SUV z Polski już jest bestsellerem
W ostatnich latach marka premium Alfa Romeo stawała się coraz bardziej niszowa. Plan naprawczy koncernu Stellantis miał prostą receptę na odwrócenie trendu. Uznano, że jeden SUV to za mało i kolejny jest jeszcze następny. Z tą różnicą, że mniejszy i w przystępnej cenie. Do jej uzyskania zdecydowano się produkować go w polskiej fabryce w Tychach. Wygląda na to, że przynosi to efekty, bo Alfa Romeo Junior już jest bestsellerem marki w Polsce.

Maj był wyjątkowo udany dla marki obchodzącej w tym roku 115-lecie. Nad Wisłą wydano 185 dowodów rejestracyjnych na nowe Alfy Romeo, co oznacza niemal podwojenie sprzedaży w porównaniu z majem 2024 r. Najtańszy SUV w jej ofercie, czyli Junior miał w tym ważnym udział, notując 61 rejestracji. Niemal taki sam wynik, bo 60 szt. uzyskał większy SUV Stelvio, notując wzrost o 62 proc. Lepiej niż rok temu (+41 proc.) sprzedawała się też Giulia (38 szt.).

Po 5 miesiącach Alfa Romeo ma 891 rejestracji w segmencie premium. To oznacza, że sprzedaż wzrosła o niemal połowę (+49 proc.). Największa w tym zasługa Alfy Romeo Junior, która od stycznia uzyskała już 336 rejestracji. Alfa Romeo Stelvio po maju może pochwalić się 250 rejestracjami. Natomiast do dwusetki dobija już Alfa Romeo Giulia (192 szt.). Wzrosty sprzedaży w Polsce wpisują się zresztą w ogólny trend towarzyszący włoskiej marce. Po pierwszym kwartale globalna sprzedaż marki wzrosła o 29 proc.

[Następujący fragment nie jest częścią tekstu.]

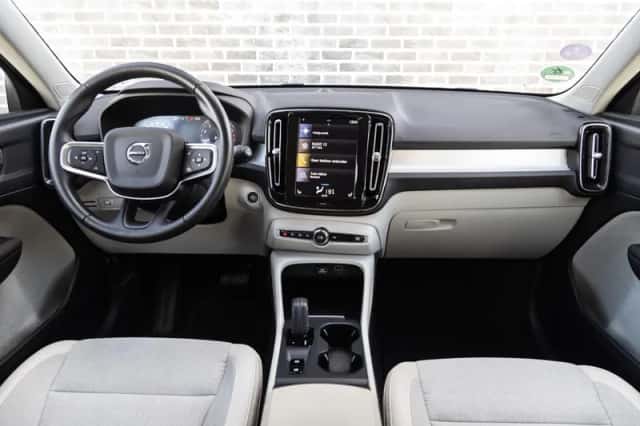 Volvo XC40 (2019) thumbnail 2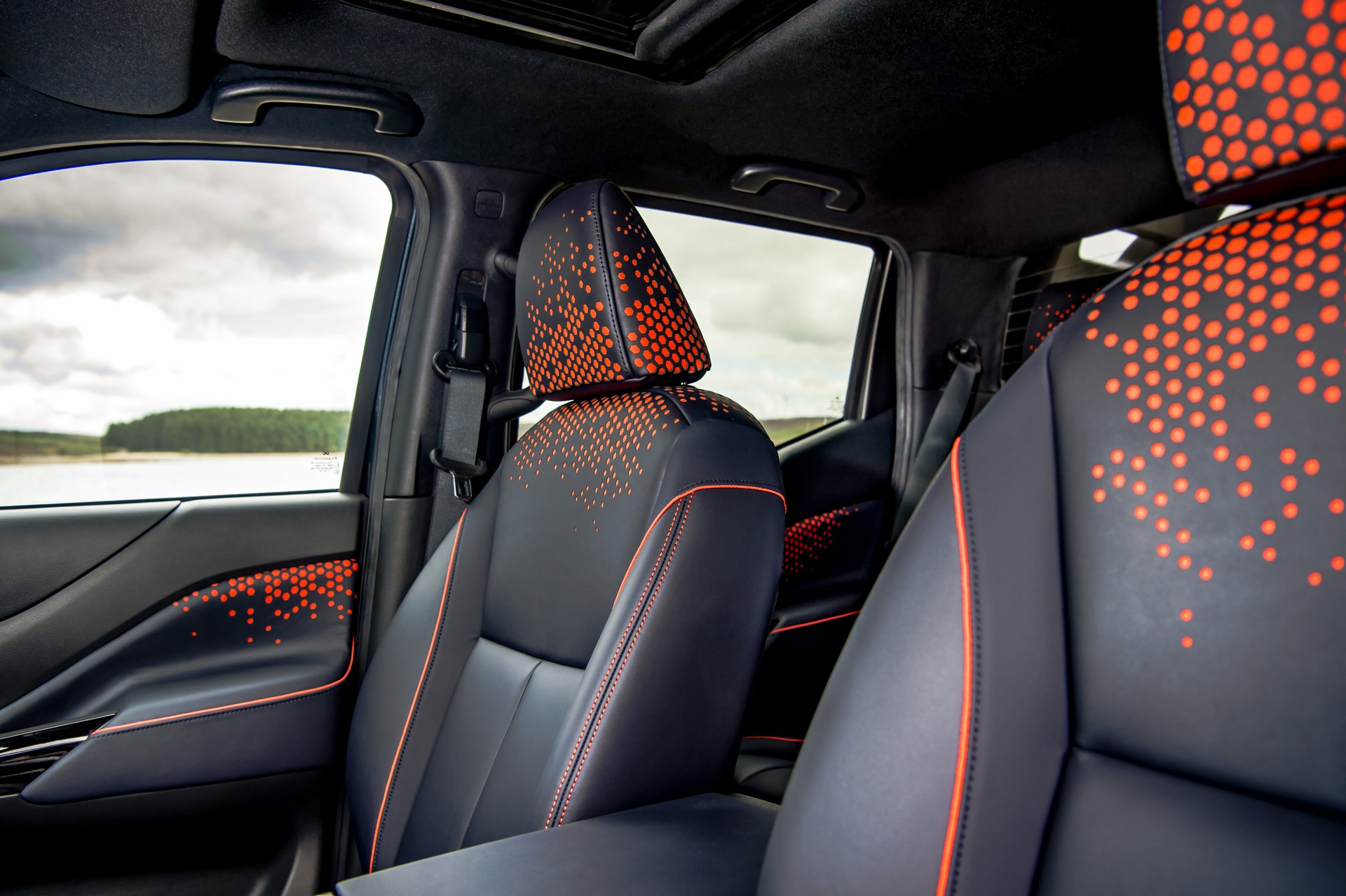 Navara Dark Sky concept-6 Nissan Navara Dark Sky Concept Packs Plenty Of Star Power Thanks Its To Observatory-Class Telescope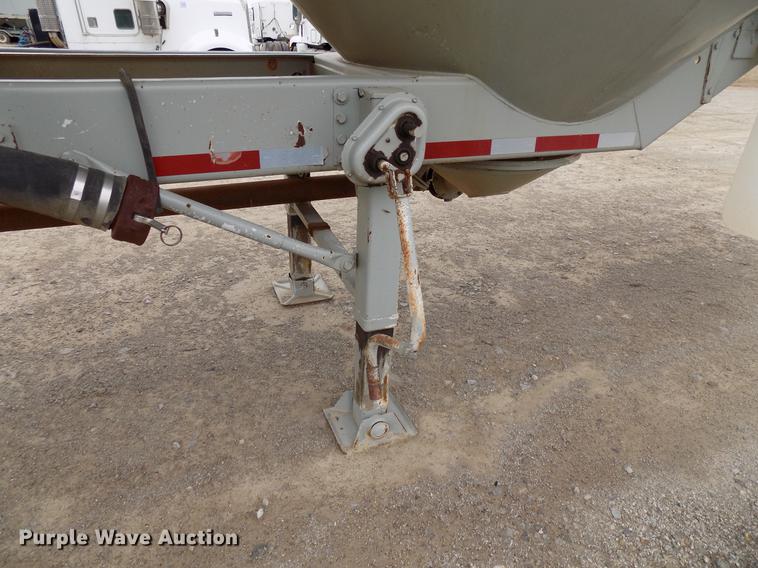 image for item DD3649 1981 Heil pneumatic dry bulk tank trailer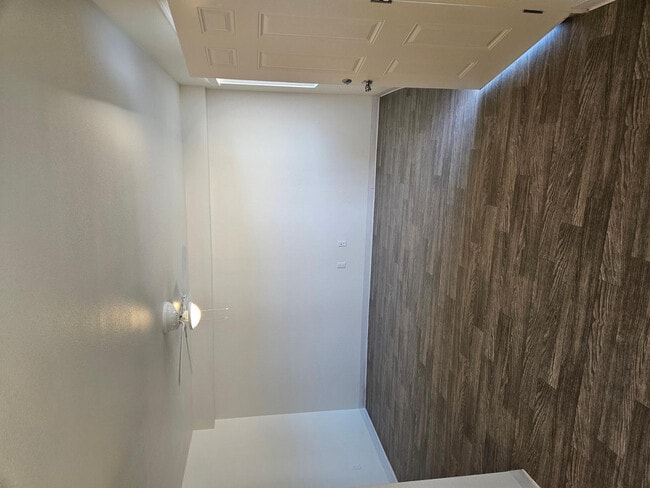 Photo - 1241 E Cinnabar Ave Unit 102A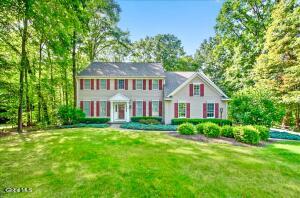 4 Raphael Court Clifton Park, NY 12065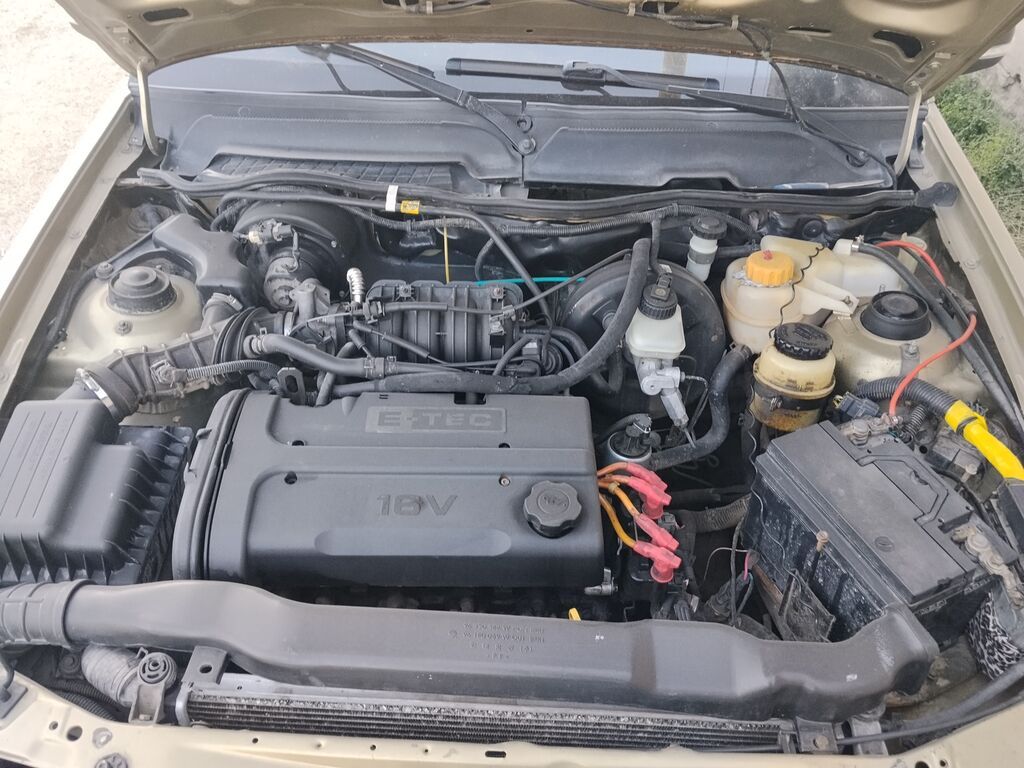 Volkswagen : 2011 г., 1.6 л, Механика, Седан: фото 7
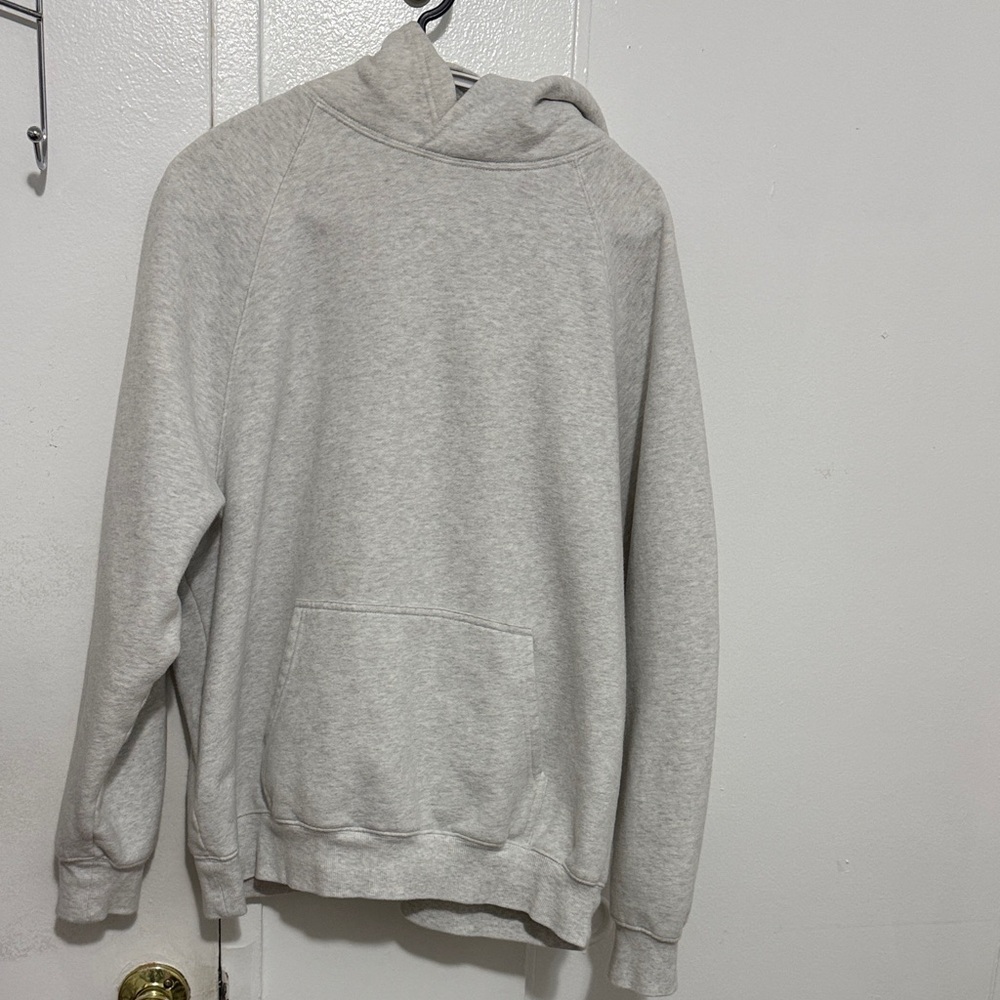 Aritzia Light Gray mega Sweatfleece Hoodie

Co wpływa na sukces Alfy Romeo Junior?
Udane wejście na rynek tego modelu nie jest przypadkowe. Przede wszystkim Junior plasuje się w segmencie B-SUV, który mocno zyskuje na popularności. Oprócz tego w ofercie są nie tylko wersje hybrydowe, ale i elektryczne. Te z kolei, dzięki rządowym dopłatom można mieć już od 590 zł netto miesięcznie. Oprócz tego, auto w wersji spalinowej (miękka hybryda) oferuje wciąż unikatowy w segmencie B-SUV napęd na 4 koła (Q4). Polskie ceny Alfy Romeo Junior zaczynają się w tym roku od 131 700 zł brutto.